Sleep disturbance has deleterious effects on health, including significant quality-of-life impairments, impacts on work and school productivity, driving or transportation accidents due to daytime somnolence, irritability, and poor concentration. SD can contribute to changes in eating habits, with an increased risk of medical comorbidities (obesity, diabetes, hypertension, metabolic syndrome, and cardiovascular disease) and depression.51–57

Limitations

Our study has several limitations. Our sample is a representative group of subjects who consented to take the time to participate in the survey and may be more involved concerning their disease.

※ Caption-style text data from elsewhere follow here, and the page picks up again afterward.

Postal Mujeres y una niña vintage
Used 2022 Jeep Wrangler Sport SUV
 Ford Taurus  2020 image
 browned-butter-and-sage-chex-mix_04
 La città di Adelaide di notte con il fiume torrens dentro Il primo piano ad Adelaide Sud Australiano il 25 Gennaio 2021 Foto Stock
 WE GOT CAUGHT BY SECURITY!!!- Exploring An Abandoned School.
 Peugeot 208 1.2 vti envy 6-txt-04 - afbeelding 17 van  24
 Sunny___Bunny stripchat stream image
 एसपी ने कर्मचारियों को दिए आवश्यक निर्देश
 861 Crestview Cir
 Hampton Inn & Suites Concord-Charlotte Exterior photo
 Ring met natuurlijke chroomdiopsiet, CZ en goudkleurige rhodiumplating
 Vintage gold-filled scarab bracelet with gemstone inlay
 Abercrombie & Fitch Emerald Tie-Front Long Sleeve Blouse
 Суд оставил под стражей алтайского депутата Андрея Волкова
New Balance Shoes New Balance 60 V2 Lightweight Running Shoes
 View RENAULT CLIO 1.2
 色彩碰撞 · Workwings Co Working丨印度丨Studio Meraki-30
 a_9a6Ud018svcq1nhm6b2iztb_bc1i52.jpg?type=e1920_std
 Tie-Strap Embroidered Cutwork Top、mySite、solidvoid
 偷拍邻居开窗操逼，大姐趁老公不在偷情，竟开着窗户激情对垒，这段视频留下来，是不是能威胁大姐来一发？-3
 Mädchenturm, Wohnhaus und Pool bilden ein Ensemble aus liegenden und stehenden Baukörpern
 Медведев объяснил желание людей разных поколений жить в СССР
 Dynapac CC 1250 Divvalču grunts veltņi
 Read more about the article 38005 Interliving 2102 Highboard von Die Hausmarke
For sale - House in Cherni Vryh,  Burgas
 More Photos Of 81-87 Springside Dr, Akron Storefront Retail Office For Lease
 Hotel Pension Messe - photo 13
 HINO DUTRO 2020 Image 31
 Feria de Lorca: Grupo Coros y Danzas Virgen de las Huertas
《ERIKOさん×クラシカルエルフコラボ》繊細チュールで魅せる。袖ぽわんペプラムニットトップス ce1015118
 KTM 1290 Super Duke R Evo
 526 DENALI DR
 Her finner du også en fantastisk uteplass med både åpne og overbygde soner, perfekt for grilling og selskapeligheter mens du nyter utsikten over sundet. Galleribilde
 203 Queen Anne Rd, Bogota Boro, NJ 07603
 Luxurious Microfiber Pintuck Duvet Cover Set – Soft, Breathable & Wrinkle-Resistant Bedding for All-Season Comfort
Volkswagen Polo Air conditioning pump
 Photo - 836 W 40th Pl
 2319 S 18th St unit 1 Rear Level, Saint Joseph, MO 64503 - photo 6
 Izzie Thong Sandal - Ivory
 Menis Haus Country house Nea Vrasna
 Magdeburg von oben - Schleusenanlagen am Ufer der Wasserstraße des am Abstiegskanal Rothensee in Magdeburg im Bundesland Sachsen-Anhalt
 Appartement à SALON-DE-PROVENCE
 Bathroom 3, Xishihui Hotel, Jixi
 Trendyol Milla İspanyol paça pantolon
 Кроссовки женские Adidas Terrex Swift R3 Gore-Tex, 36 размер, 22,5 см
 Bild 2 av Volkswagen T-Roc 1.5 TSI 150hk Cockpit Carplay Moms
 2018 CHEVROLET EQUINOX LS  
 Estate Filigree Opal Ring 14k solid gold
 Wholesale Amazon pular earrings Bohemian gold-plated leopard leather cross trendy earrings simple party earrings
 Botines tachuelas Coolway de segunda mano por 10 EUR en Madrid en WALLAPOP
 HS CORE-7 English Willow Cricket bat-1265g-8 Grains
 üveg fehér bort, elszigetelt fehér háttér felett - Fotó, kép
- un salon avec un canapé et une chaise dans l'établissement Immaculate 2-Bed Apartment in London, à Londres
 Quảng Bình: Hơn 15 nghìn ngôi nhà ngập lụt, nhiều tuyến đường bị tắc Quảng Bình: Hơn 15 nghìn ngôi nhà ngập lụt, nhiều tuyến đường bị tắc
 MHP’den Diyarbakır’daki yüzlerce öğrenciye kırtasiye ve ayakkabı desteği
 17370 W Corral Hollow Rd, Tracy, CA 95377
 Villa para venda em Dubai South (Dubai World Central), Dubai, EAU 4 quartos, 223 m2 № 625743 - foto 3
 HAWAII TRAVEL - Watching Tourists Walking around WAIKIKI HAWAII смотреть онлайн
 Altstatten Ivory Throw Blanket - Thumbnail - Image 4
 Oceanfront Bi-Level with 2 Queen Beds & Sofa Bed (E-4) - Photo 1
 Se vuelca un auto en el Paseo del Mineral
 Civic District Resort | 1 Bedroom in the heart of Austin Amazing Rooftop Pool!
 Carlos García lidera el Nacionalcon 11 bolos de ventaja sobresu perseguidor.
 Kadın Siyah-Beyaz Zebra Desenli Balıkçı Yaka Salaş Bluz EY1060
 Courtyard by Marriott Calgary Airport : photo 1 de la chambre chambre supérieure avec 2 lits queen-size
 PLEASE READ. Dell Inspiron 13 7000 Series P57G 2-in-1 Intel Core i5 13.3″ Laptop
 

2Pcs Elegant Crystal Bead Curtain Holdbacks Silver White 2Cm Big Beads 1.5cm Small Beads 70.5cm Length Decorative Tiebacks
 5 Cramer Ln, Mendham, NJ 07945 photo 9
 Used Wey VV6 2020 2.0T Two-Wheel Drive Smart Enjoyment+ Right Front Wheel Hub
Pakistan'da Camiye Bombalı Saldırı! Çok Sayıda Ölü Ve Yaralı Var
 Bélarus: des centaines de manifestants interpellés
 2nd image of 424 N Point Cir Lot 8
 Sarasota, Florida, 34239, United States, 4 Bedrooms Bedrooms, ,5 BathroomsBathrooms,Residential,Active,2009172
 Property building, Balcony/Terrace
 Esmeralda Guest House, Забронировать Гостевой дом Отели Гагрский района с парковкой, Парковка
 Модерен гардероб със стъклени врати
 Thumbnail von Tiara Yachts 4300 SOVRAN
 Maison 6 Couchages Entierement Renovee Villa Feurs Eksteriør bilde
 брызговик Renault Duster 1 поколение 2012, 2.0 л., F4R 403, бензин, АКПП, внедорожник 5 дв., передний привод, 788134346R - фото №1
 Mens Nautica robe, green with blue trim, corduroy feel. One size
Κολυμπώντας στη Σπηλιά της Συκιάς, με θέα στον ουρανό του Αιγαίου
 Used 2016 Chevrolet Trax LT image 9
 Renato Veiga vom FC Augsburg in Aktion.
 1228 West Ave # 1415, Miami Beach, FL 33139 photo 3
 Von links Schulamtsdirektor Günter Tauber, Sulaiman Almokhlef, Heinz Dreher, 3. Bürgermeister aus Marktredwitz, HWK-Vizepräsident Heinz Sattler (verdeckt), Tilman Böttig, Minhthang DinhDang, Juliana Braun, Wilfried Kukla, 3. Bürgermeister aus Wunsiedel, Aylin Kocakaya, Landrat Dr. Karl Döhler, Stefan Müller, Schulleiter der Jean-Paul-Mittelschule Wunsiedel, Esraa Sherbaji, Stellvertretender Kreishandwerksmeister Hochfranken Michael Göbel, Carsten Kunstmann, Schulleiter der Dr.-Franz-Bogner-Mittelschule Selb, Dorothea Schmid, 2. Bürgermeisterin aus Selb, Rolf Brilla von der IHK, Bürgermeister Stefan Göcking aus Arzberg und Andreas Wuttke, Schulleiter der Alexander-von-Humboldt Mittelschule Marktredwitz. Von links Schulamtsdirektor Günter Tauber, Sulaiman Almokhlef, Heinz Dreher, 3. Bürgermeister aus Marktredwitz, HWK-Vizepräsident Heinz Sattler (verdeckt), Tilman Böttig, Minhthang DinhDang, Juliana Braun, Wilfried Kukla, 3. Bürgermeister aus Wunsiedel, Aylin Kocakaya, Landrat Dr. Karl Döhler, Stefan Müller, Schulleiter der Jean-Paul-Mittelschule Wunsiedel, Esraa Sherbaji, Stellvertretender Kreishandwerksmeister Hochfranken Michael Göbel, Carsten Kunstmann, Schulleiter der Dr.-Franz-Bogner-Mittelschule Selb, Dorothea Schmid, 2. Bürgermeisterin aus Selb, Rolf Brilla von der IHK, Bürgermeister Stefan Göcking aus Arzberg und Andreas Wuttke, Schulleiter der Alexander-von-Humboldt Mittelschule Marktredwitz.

Second, it would have been helpful to use a validated instrument to evaluate sleep or an objective measurement of sleep quality (ie, polysomnography and actigraphy). Third, the questionnaire did not detail the existence of associated comorbidities, particularly psychological symptoms, such as anxiety or depression, which can also influence sleep.

Conclusion

Despite these limitations and the potential bias due to the internet study design, our results confirm, for the first time and on a large international level, the influence of subjective skin symptoms on sleep quality in patients with CD. We reported that CD without such symptoms can also have a negative influence on sleep quality and that skin unpleasant sensations aggravate SD. Further immunologic or neurologic clinical studies will be necessary to better understand the source of sleep abnormalities in patients with CD and to deepen our knowledge of the roles of the immune system, circadian rhythm, microbiota and environmental factors. Dermatologists need to incorporate the possible presence of an undiagnosed sleep disorder into their assessment of disease. It is important that dermatologists ask general questions about pruritus, pain, intermediate sensations, and sleep with patients during routine evaluations of cutaneous disorder. Kaaz et al38 proposed reliable guidelines concerning the evaluation and management of sleep disorders in chronic dermatological patients.